Every star of stage and screen has to start their somewhere, whether it's in a school play, a backroom gig, or even a leg-up from a well-connected friend.
For many famous names, though, the rather more agreeable route of summer schools can be the catalyst to not only finding and developing their talent, but also getting their name recognised by directors, producers and – more significantly – audiences.
And this summer has seen numerous summer schools in full flight all over Northern Ireland, providing valuable opportunities for children and young people to access the arts at an early age and receiving top quality training.
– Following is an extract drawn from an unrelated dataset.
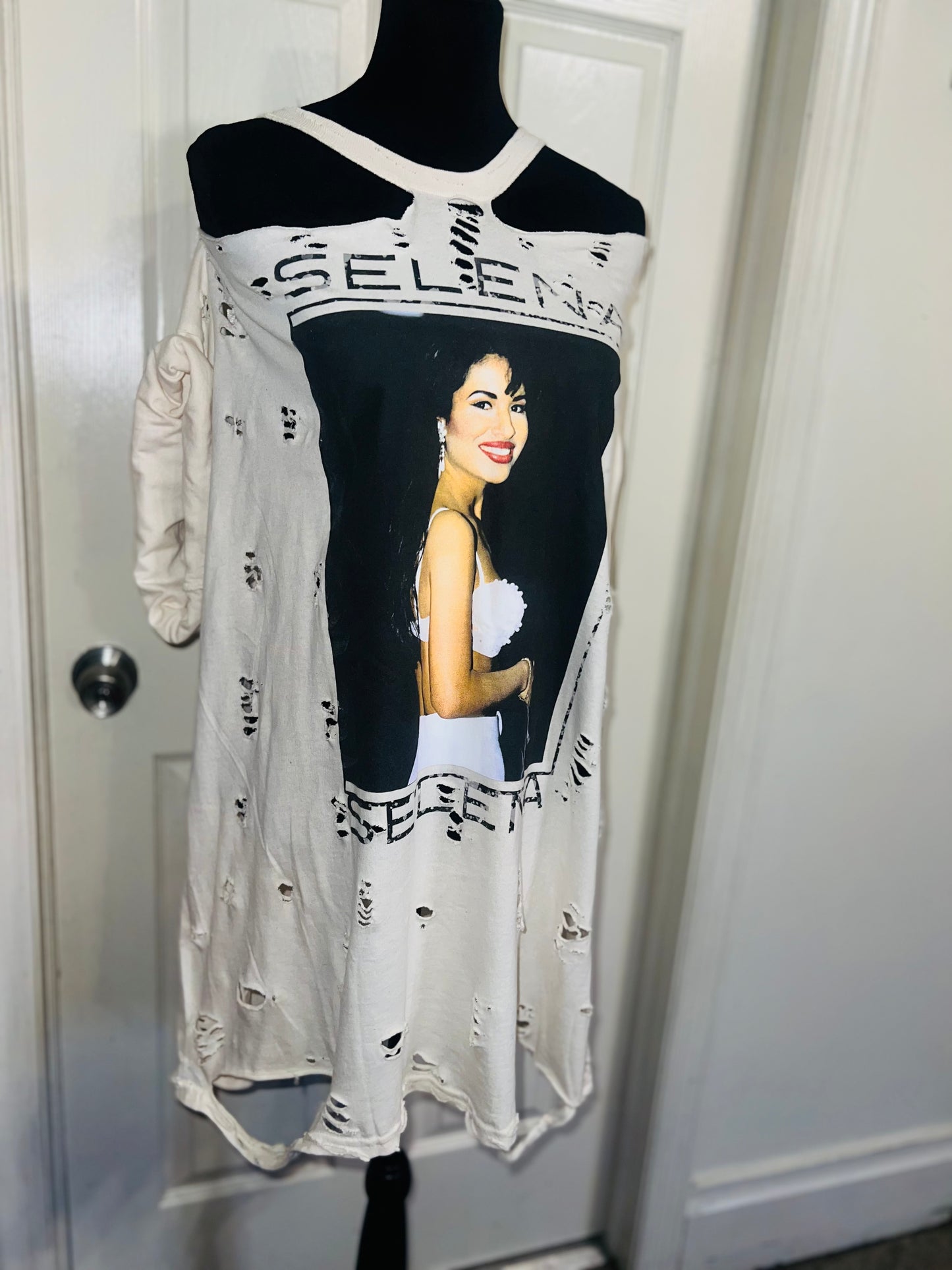 Selena Oversized Distressed Tee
Funded by the Arts Council, these summer schemes – including projects by the Lyric Theatre, Music Theatre for Youth, Ulster Orchestra and Ulster Youth Choir, among others – are facilitated by some of the very best local and international tutors and professional artists.
For many of those who take part it will be their first real experience of the arts; for others it may plant a seed that one day they may wish to turn a fledgling hobby into a professional career.
We spoke to two now-famous summer school alumni about their experiences of taking part, as well as three young hopefuls who are currently enjoying their time in the spotlight.
The Ballymoney-born 27-year-old got her big break with the Music Theatre for Youth summer school as a teenager when she was spotted by a talent scout, who asked her to audition for a role in the film Sweeney Todd: The Demon Barber of Fleet Street, starring Johnny Depp. She says:
I'll always be grateful to summer school for giving me back the confidence I lost at drama school (Royal Scottish Academy of Music and Drama). I don't really know what happened to me there; I was very homesick. It wasn't what I expected.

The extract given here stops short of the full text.